To characterize how human development surrounding each Snapshot USA site, we created 500m buffers around each camera using ArcGIS (ArcGIS Pro; Esri Inc, Redlands, CA). We chose 500m buffers because this spatial scale has been shown to be relevant to the occurrence and behavior of common North American mesocarnivores [7, 33, 44]. Within the 500m buffer we calculated the amount of landcover categorized as human development, (the combination of low, medium, and high-intensity development as measured by the 2019 National Land Cover Database [45]). We then averaged this development value for all cameras at a given site. We then binned each site into one of three development categories: undeveloped sites (0–1% development), moderately developed (1–10% development), or heavily developed (10–100% development).
Focal species selection
To select focal study species, we explored the complete Snapshot USA 2019 and 2020 datasets [42, 43]. We isolated all species of carnivores and mesocarnivores detected (N = 29). We then filtered this list based on several criteria that we deemed essential for inclusion in this investigation. First, we only included species that occurred within each of the three development categories (highly developed, moderately developed, or low human development) because this allowed us to explore changes in activity patterns across the human development gradient. Next, we needed to include criteria pertaining to sample sizes to ensure we had both statistical power to make comparisons between development categories as well as enough detections of a species to quantify its activity pattern (see below in Activity Patterns and Overlap). Therefore, we only used species that occurred at a minimum of 5 study sites within each development category as this allowed us to create overlap means for use in analyses. Finally, at each site that a species was detected, there needed to be a minimum of 2 detections at that site in order for us to calculate activity kernels. Based on these criteria, we narrowed our focus to seven species of mesocarnivore including Northern raccoon, striped skunk, red fox, gray fox, bobcat, coyote, and Virginia opossum. Collectively, these species occurred at 210 Snapshot USA sites sampled in either 2019 or 2020 (Fig 1). Of these 210 sites, 44 were categorized as high development, 47 were medium development, and 119 were low development.

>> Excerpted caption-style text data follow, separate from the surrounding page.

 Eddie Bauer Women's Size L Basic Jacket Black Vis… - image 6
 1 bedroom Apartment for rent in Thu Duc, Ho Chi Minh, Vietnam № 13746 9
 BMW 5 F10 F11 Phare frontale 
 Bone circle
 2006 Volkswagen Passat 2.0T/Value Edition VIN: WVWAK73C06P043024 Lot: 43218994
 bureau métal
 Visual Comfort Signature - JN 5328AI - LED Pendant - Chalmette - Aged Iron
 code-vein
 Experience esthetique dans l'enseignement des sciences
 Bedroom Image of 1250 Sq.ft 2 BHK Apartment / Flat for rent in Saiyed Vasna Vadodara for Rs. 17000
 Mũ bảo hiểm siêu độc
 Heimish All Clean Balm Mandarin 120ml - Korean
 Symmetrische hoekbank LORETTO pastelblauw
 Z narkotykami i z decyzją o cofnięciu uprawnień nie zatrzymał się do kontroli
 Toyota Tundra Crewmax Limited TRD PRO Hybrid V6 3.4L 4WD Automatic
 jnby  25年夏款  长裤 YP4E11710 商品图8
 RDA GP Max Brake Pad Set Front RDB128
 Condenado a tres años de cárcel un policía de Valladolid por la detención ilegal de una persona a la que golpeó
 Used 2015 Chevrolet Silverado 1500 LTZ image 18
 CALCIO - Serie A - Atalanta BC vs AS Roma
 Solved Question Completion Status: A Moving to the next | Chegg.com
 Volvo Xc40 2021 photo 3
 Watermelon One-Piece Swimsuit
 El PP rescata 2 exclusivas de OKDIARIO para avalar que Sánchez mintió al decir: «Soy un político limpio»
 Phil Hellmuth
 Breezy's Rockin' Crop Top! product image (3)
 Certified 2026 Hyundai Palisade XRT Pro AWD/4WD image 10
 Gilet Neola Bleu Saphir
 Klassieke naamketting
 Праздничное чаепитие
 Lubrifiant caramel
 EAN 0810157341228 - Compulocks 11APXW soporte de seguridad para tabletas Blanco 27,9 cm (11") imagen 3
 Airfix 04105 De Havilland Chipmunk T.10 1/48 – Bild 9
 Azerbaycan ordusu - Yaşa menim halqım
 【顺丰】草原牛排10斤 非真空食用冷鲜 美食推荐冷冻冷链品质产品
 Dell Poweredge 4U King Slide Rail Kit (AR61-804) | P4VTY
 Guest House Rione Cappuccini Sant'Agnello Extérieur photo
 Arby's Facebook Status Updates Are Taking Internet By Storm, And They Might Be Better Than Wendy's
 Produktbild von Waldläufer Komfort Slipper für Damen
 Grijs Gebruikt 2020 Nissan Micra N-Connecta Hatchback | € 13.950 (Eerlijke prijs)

Camera trap sites from Snapshot USA 2019 and 2020 (USGS National Boundary Dataset (NBD)). The 210 sites used were determined though selection of 7 species of mesocarnivores where 1) each species occurred in at least 5 sites of each development category (High (44), Medium (47), Low (119)); and 2) had at least 2 detections at each site.
Activity patterns and overlap
For each detection of a focal species, we extracted the date and time of the detection. We then determined if the detection occurred during the day, night, around dusk, or around dawn by calculating location and date-specific sunset and sunrise times using the R package sunCalc [46]. Detections occurring within an hour of sunset were categorized as dusk, and detections occurring within an hour of sunrise were categorized as dawn. Nocturnal events (classified as night) occurred after dusk and before dawn. Diurnal events (classified as day) occurred after dawn and before dusk. At each site, we calculated the proportion of events occurring during each of the four daily activity periods (dawn, dusk, day, or night). We compared the proportion of events occurring during each of the four time periods across three development groups (high development, medium development, and low development) using a Kruskal-Wallis test. We then used Dunn tests with Bonferroni corrections to make pair-wise comparisons between the development categories. We used non-parametric tests due to non-normality in the data.
To calculate the activity overlap for each of the possible pair-wise comparisons of our seven focal species, we used the R package overlap [47]. We first converted the time of each detection to radians to account for the circular nature of time. We then calculated a site and species-specific non-parametric kernel around the detection times to quantify when each species was most active during the diel period [48]. For each site, we calculated the area under the kernel curve that overlapped between each of the species pairs, which was quantified using a 0–1 index with 0 indicating no overlap and 1 indicating complete temporal overlap [49]. We used Δ1 for small sample sizes because most sites had fewer than 75 detections per species [48, 49]. We excluded sites where detections were too few to generate kernel density estimates. This approach generated an overlap coefficient for each species pair for each study site. We then compared the mean overlap coefficients between each species pair across the three development groups using Kruskal-Wallis and Dunn tests.
Results
We included data from a total of 210 Snapshot USA sites spanning the 2019 and 2020 seasons. Sites that were sampled in both years were considered separate sites for our analyses because camera locations varied between years. Collectively, these 210 study sites accumulated 106,467 total trap nights and 38,076 detections of the seven focal species. Each species had at least 800 overall detections and was detected at a minimum of 47 sites (Table 1).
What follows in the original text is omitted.